▸ Exercise:
Only the lines from the one that contains "Luffy Skull Keycap" to the last line below, both included, should be transcribed. Pictures stay out of the copy.

▸ Given information:
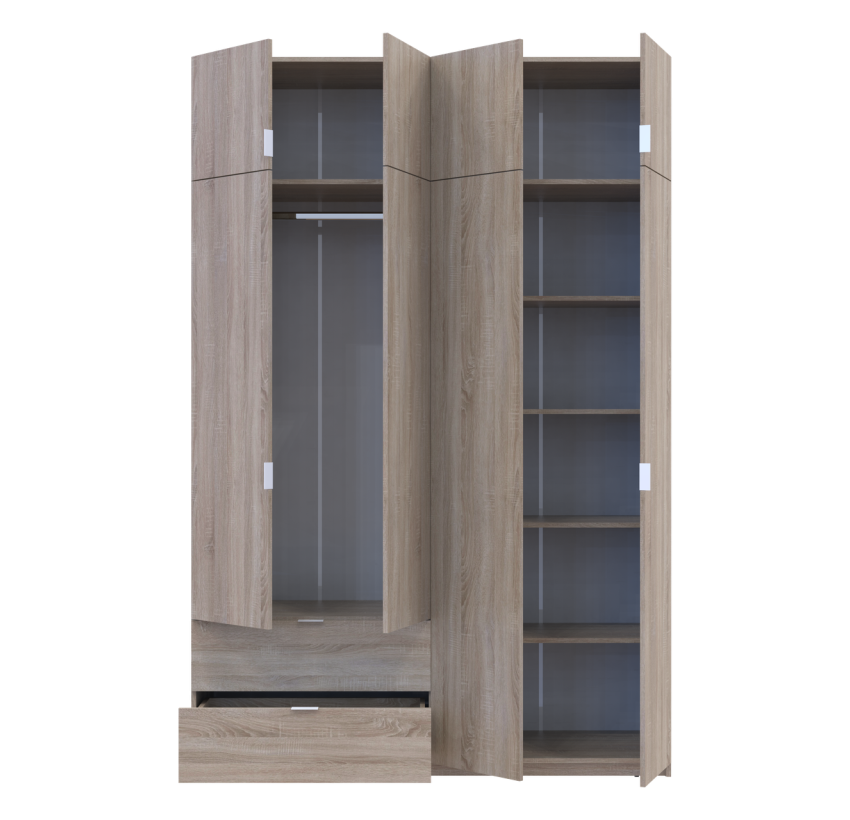 Розпашна Шафа для одягу Doros Лукас Дуб Сонома 160х50х240 (80737730)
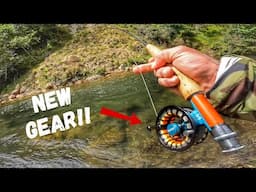 FLY FISHNG A REMOTE RIVER [New Gear!!!]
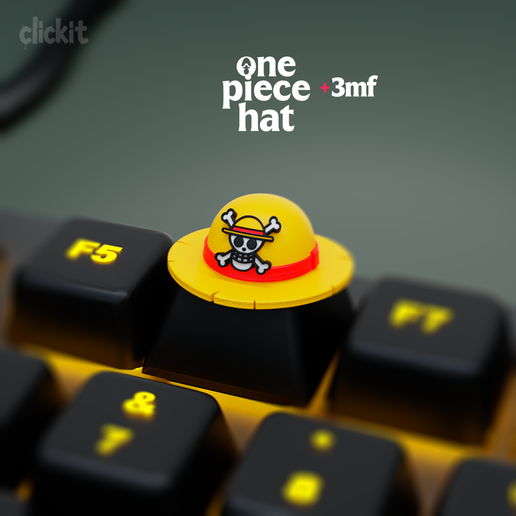 Luffy Skull Keycap – One Piece Pirate Artisan Key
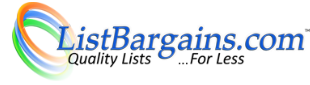 www.ListBargins.com - Quality lists... for less!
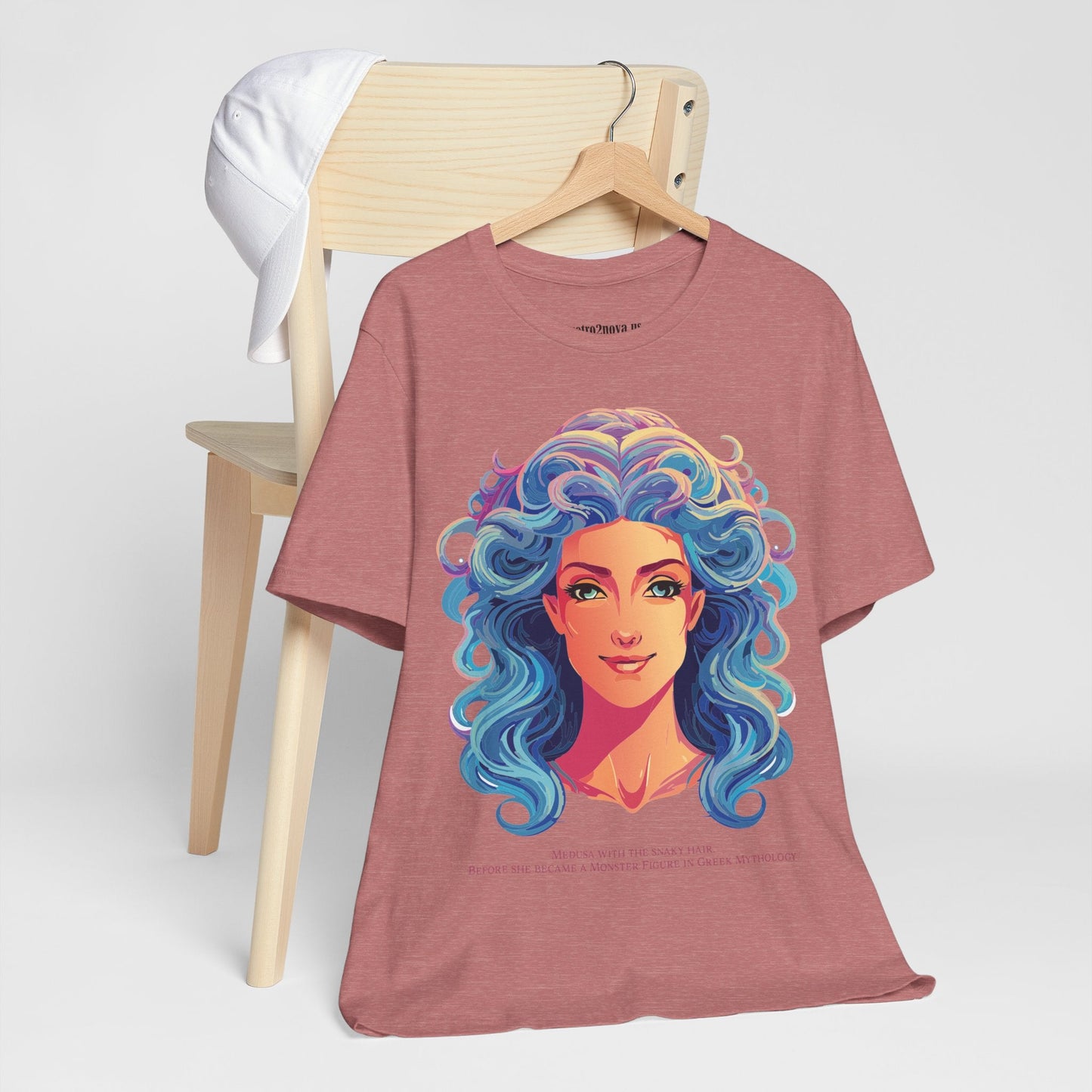 Goddess Medusa Graphic Cotton T Shirt Unisex Jersey Short Sleeve Original Artwork By Retro2Nova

▸ Exercise output:
 Luffy Skull Keycap – One Piece Pirate Artisan Key
 www.ListBargins.com - Quality lists... for less!
 Goddess Medusa Graphic Cotton T Shirt Unisex Jersey Short Sleeve Original Artwork By Retro2Nova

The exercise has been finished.